[ovirt-users] Storage domain experienced a high latency
Nir Soffer
nsoffer at redhat.com
Fri Feb 10 16:42:58 UTC 2017
On Thu, Feb 9, 2017 at 10:03 AM, Grundmann, Christian <
Christian.Grundmann at fabasoft.com> wrote:
> Hi,
>
> @ Can also be low level issue in kernel, hba, switch, server.

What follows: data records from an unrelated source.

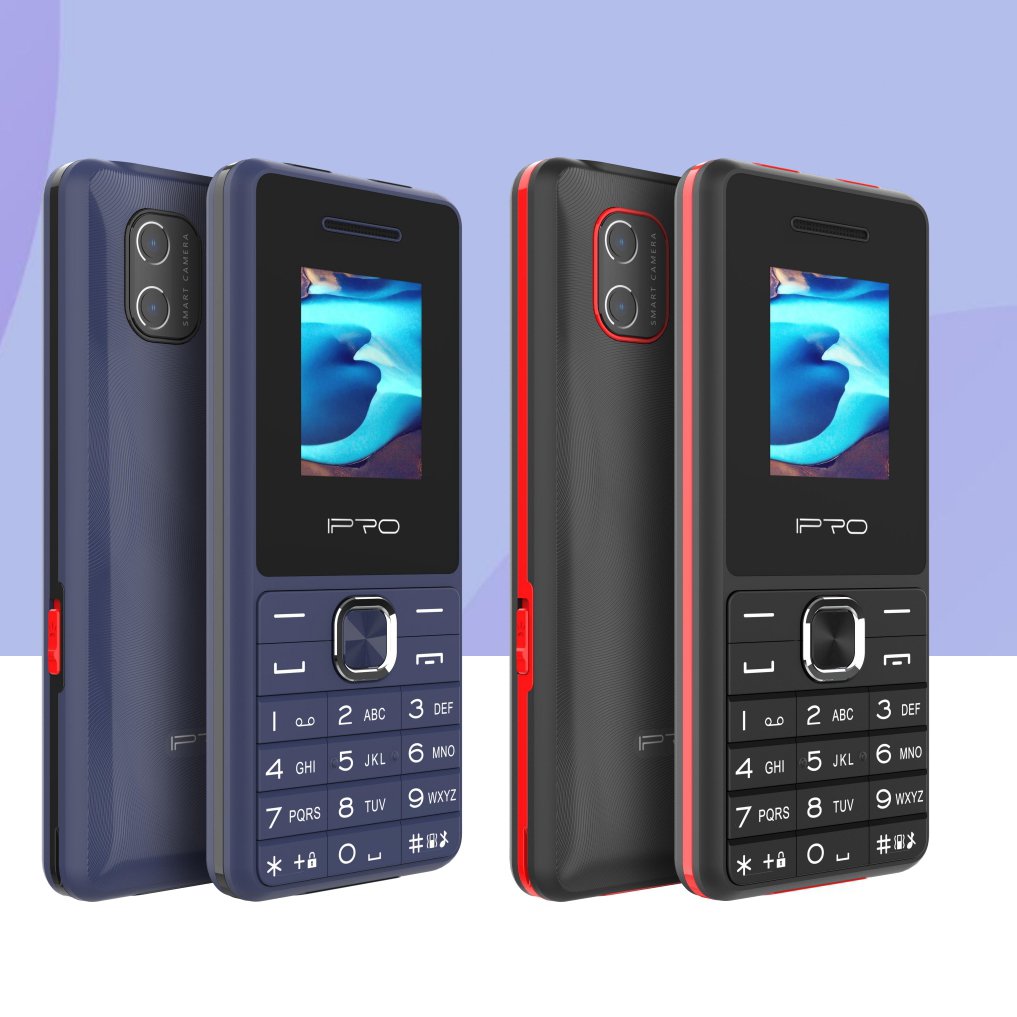 Cell phone manufactures Hot Selling IPRO A19 2G GSM Keypad Cheap Long Standby Mobile Phone
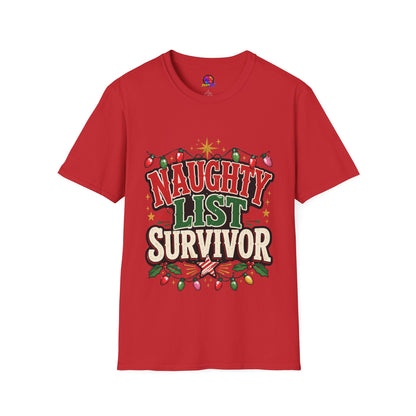 Naughty List Survivor T-Shirt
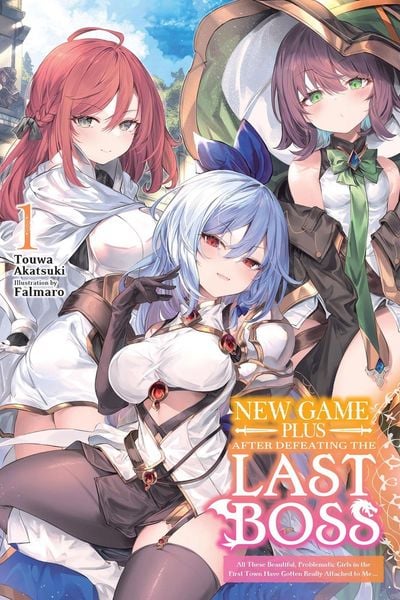 Produktbild: New Game Plus After Defeating the Last Boss, Vol. 1 (light novel)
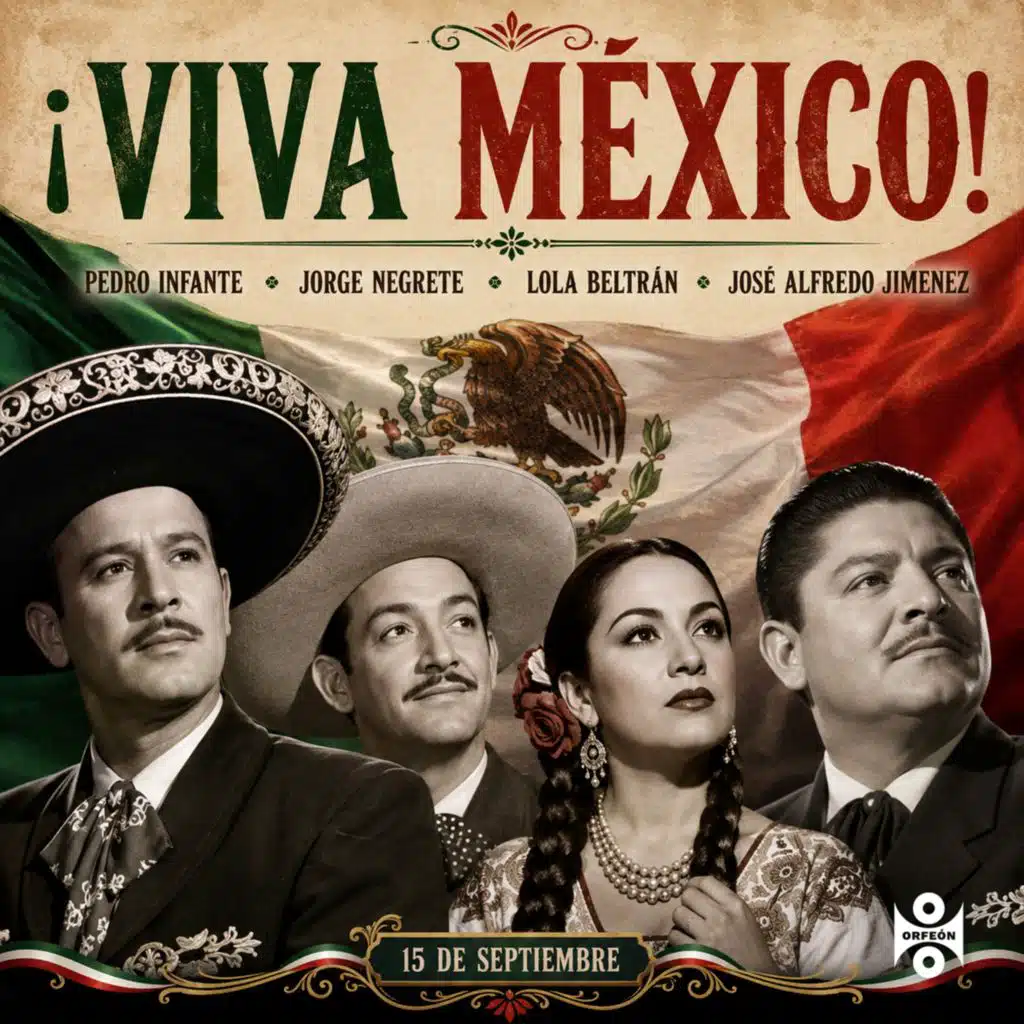 ¡Viva México!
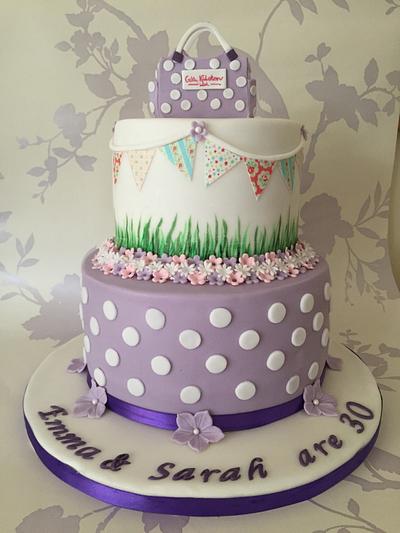 Pretty in lilac - Cake by Roberta
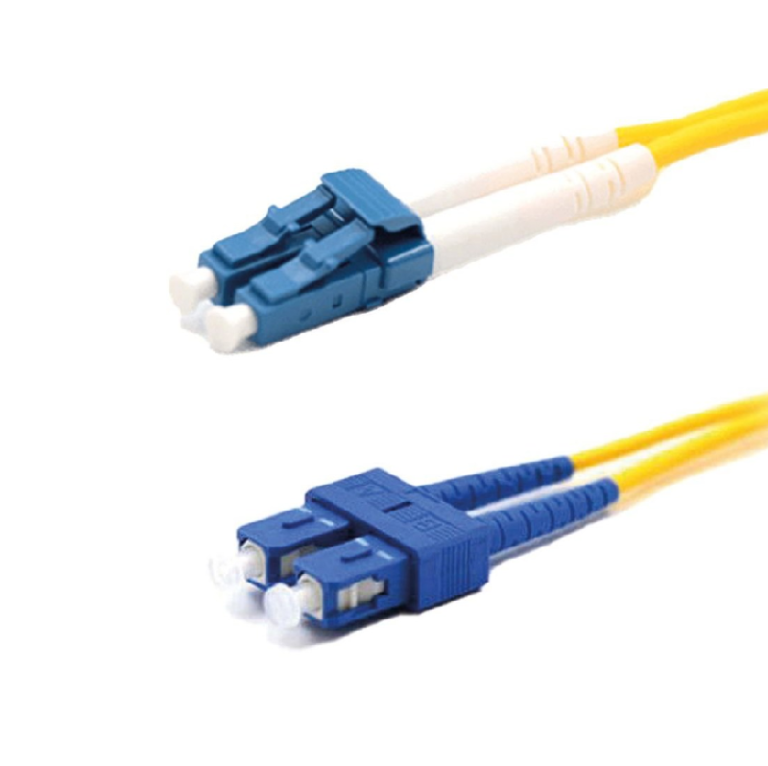 پچ کورد فیبر نوری سینگل مود 1متری داپلکس SC-LC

> I have the old storage on the same cable so I don’t think its hba or
> switch related
> On the same Switch I have a few ESXi Server with same storage setup which
> are working without problems.
>
> @multipath
> I use stock ng-node multipath configuration
>
> # VDSM REVISION 1.3
>
> defaults {
> polling_interval 5
> no_path_retry fail
> user_friendly_names no
> flush_on_last_del yes
> fast_io_fail_tmo 5
> dev_loss_tmo 30
> max_fds 4096
> }
>
> # Remove devices entries when overrides section is available.
> devices {
> device {
> # These settings overrides built-in devices settings. It does not
> apply
> # to devices without built-in settings (these use the settings in
> the
> # "defaults" section), or to devices defined in the "devices"
> section.
> # Note: This is not available yet on Fedora 21. For more info see
> # https://bugzilla.redhat.com/1253799
> all_devs yes
> no_path_retry fail
> }
> }
>
> # Enable when this section is available on all supported platforms.
> # Options defined here override device specific options embedded into
> # multipathd.
> #
> # overrides {
> # no_path_retry fail
> # }
>
>
> multipath -r v3
> has no output
>
My mistake, the correct command is:
multipath -r -v3
It creates tons of output, so better redirect to file and attach the file:
multipath -r -v3 > multiapth-r-v3.out
>
>
> Thx Christian
>
>
> Von: Nir Soffer [mailto:nsoffer at redhat.com]
> Gesendet: Mittwoch, 08. Februar 2017 20:44
> An: Grundmann, Christian <Christian.Grundmann at fabasoft.com>
> Cc: users at ovirt.org
> Betreff: Re: [ovirt-users] Storage domain experienced a high latency
>
> On Wed, Feb 8, 2017 at 6:11 PM, Grundmann, Christian <mailto:
> Christian.Grundmann at fabasoft.com> wrote:
> Hi,
> got a new FC Storage (EMC Unity 300F) which is seen by my Hosts additional
> to my old Storage for Migration.
> New Storage has only on PATH until Migration is done.
> I already have a few VMs running on the new Storage without Problem.
> But after starting some VMs (don’t really no whats the difference to
> working ones), the Path for new Storage fails.
>
> Engine tells me: Storage Domain <storagedomain> experienced a high latency
> of 22.4875 seconds from host <host>
>
> Where can I start looking?
>
> In /var/log/messages I found:
>
> Feb 8 09:03:53 ovirtnode01 multipathd: 360060160422143002a38935800ae2760:
> sdd - emc_clariion_checker: Active path is healthy.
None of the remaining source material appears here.